Best used for: Sauteing and baking
#8. Almond Oil
Almond oil is another option known for its health properties. This oil can add a lovely nutty note to baked items or dressings, however, the distinct flavor can change the taste of what you are cooking so keep that in mind.
This oil is not a good option for frying or sautéing and is best for raw recipes, salad dressings, drizzling over bread or vegetables, and can be used for baking.
Best used for: Baking and raw applications such as dressings
#9. Olive Oil
Olive oil is a popular culinary oil known for its health benefits but can be on the pricier side. Olive oil has a low smoking point at only 210 °F which makes it a poor choice for frying. It is best used for salad dressings, dips, and to drizzle over vegetables or bread. It can also be used for low-temperature sautéing as well as oven roasting.
Olive oil cake is the ideal example of using this oil in baked applications.

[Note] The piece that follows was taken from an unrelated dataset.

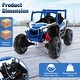 preview thumbnail 7 of 45, Costway 24V Kids Ride on UTV with 4 x 100W Powerful Engine Remote - See Details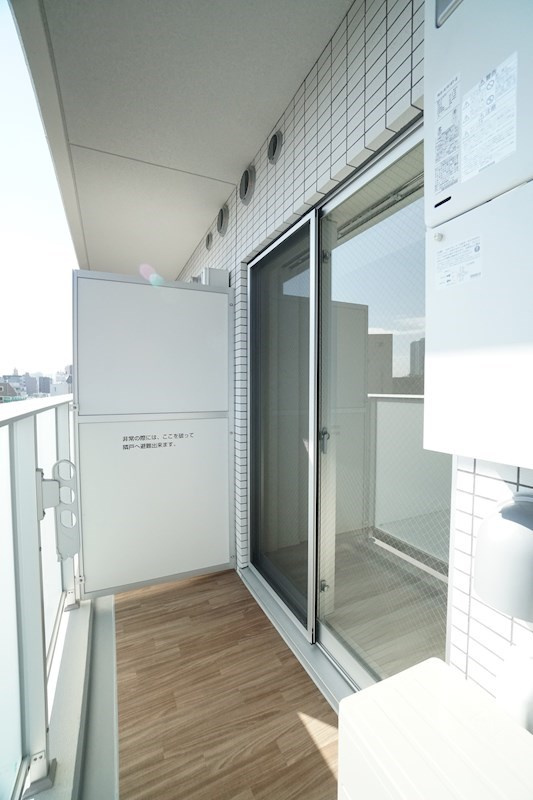 メインステージ入谷Ⅱのバルコニー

When using it in baked recipes other than olive oil cake, keep in mind that it does have a strong flavor that will affect the overall taste of your baked goods which may not pair well with a sweet recipe.
Extra virgin olive oil has a stronger taste than virgin olive oil, so you may want to stick to the latter for better versatility if you plan to use it in a variety of dishes.
Best used for: Sauteing, roasting, baking olive oil cakes, and raw applications such as dressings or dips. Not suitable for frying.
#10. Corn Oil
Corn oil is made from the germ of corn kernels and is somewhat cheaper than other oils. Its mild taste and high smoke point at 450 °F make it a great substitute for canola when frying and cooking at high temperatures. It won’t affect the flavor of your dish which means it can be used in almost any application, sweet or savory.
Best used for: All types of frying, oven roasting, baking, sauces, and salad dressings
Refined canola oil has a smoke point of 400 °F.
General cooking oil prices have increased lately, but especially that of canola and rapeseed oil due to the drought in Canada that has affected crop production. Chinese purchase trends which were initiated as a result of their crop issues have also largely affected the market.
Regular oil production involves heating of seeds prior to extraction of the oils which are then processed and refined. Cold-pressed oils are obtained by natural means by extracting the oils at room temperature without the application of heat or chemical treatments.
Cold-pressed oils are therefore unfiltered and minimally processed allowing them to offer the best nutritional value, however, they have a shorter shelf-life than their processed counterparts.
Cold-pressed oils also have a lower yield which often means they are more expensive. Since they are unrefined it means they have a low smoke point and are best used in raw applications or very low-temperature cooking.
Canola oil is a fantastic versatile product that can be used with all types of cuisines, cooking methods, and flavor profiles. If you have run out of canola or are looking for an alternative option to try, there are a number of other vegetable oils to choose from.
For deep frying and high-temperature cooking corn oil, safflower, sunflower, and peanut oil are the best alternatives. For baking, sunflower and safflower are also great options as well as soybean and cottonseed oil.
When it comes to salad dressings, dips, and drizzling over vegetables, oils with great health properties in their raw form include avocado and olive oil. If you want to add a different flavor to your dish try coconut or peanut oil which will give your usual recipe a bit of a twist.
Whichever option you use, make sure the smoke point of the specific oil matches your cooking method to maintain the best flavor.